In a radical shift, the company will only offer new plans that require customers to pay for their own smartphones. Also, device access fees and buckets of data remain.

Verizon is shaking up how you pay for your wireless service.

Verizon Wireless on Friday introduced a set of new data plans that require customers to pay for their smartphone in monthly installments or buy it outright. The new plans go into effect August 13.

It’s a radical change in how Verizon operates and signals a broader shift away from smartphone subsidies and service contracts. Customers are increasingly paying for their devices in exchange for lower service fees — a trend started by T-Mobile two years ago. The change has resulted in heightened awareness of their smartphone and service costs.

Under the revamped system, there are no single-line options or family plans.

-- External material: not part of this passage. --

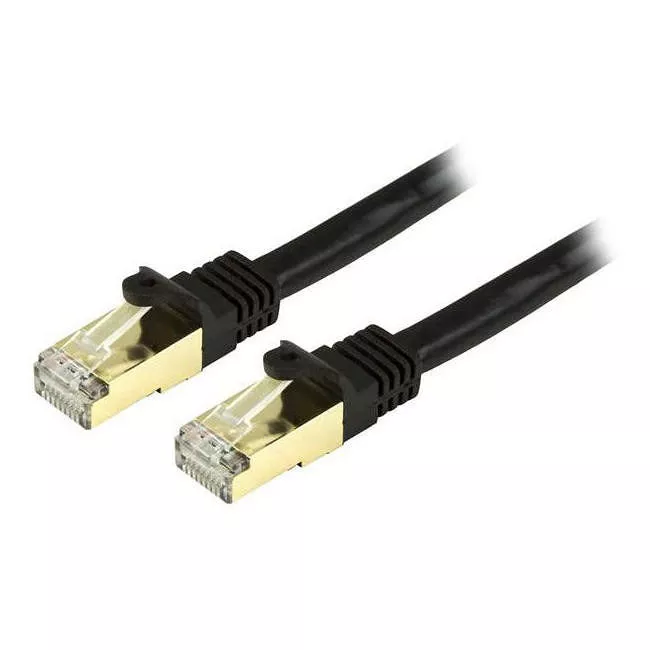 StarTech C6ASPAT2BK 2 ft CAT6a Ethernet Cable - 10g RJ45 100W PoE Black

Verizon will focus its efforts promoting four choices with varying amounts of data. (They all come with unlimited voice and text messages.) The “small” bucket will offer 1 gigabyte of data for $30 a month, the “medium” will get 3GB of data for $45, “large” gets 6GB of data for $60 and “x-large” gets 12GB for $80. As with its previous plans, the data can be shared among devices and accounts.

As there are no contracts, customers can switch between plans each month.

Beyond the fee for the data, Verizon also charges an “access” fee to connect the device. It will cost $20 a month to connect a smartphone, $10 to connect a tablet or “Jetpack” portable Wi-Fi hotspot, and $5 for a connected device like a smartwatch.

By eliminating the option of a contract, as well as focusing on four options, Verizon believes it is making things simpler for customers.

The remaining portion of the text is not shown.